Facebook’s GraphQL gets its own open-source foundation - bodecker
https://techcrunch.com/2018/11/06/facebooks-graphql-gets-its-own-open-source-foundation/
======
burtonator
I did a huge heads down on GraphQL vs AppSync vs Firebase for an app I'm
building around document collaboration, annotation and sync for people working
with PDFs and web content
([https://getpolarized.io/](https://getpolarized.io/)) - it's kind of like an
offline web browser.... anyway.

GraphQL is super awesome at what it does but it's definitely not designed for
rapid prototyping applications.

The thing about GraphQL is that it's middleware. It's designed to act as
really nice glue between multiple backends.

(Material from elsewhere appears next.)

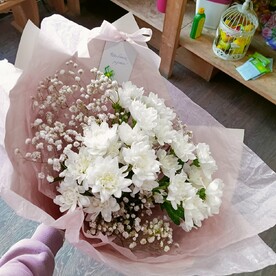 Хризантема кустовая, Гипсофила, Дизайнерская упаковка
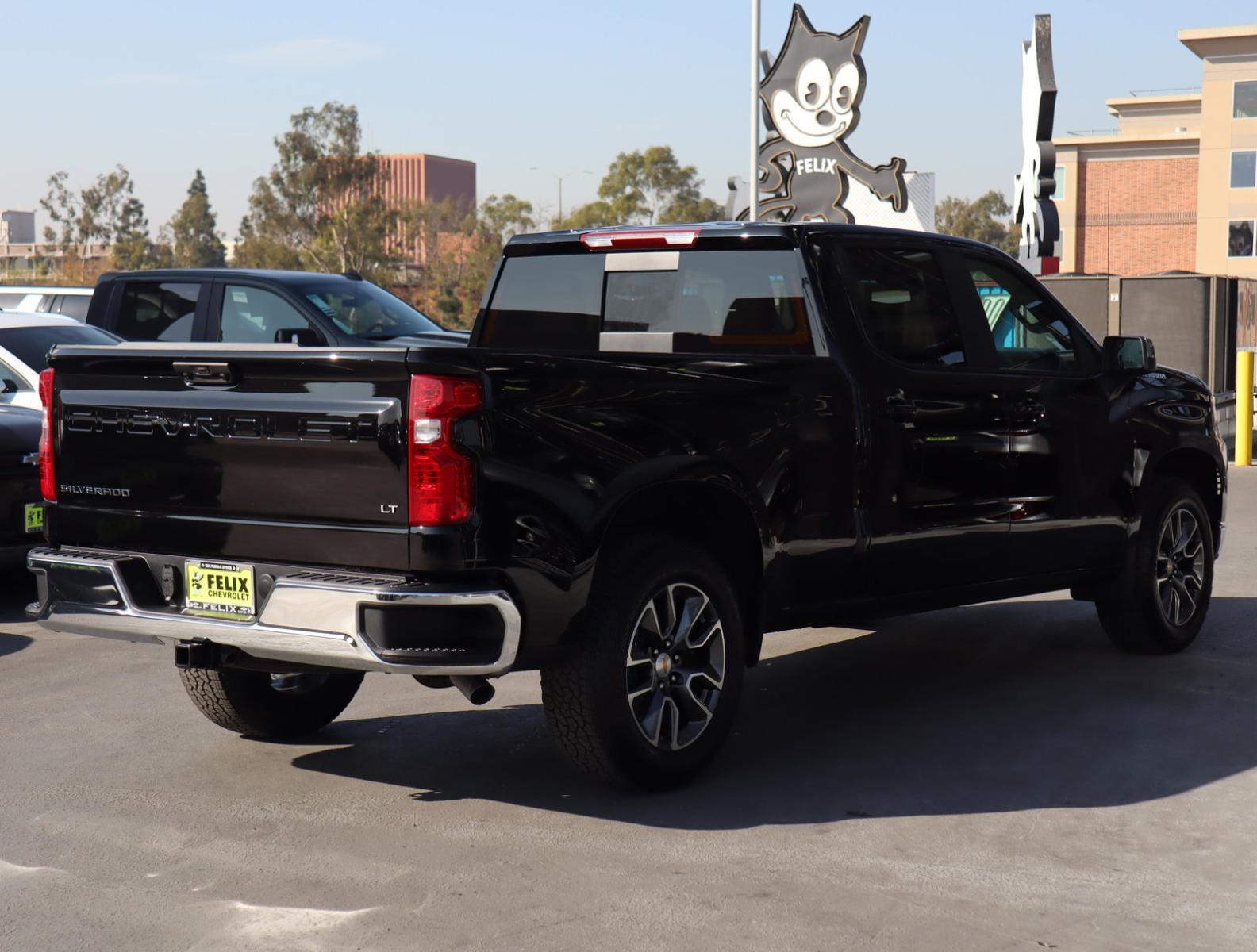 2025 Chevrolet Silverado 1500 Vehicle Photo in LOS ANGELES, CA 90007-3794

It solves a lot of nice problems like over-fetching too much data, calling too
many APIs, etc.

The problem is that you really don't need these to get an app shipped
immediately.

The REAL sweet spot for GraphQL is for a company like Netflix or Facebook
where you have 1500 APIs and tons of problems with data over-fetch and you
have the time to sit down and do things right.

I think I'm going to end up going with Firebase just because you can bang
something out FAST and get it shipped.

It's not going to be perfect but you can ship an MVP and start making revenue
and/or grow your user base while you figure things out.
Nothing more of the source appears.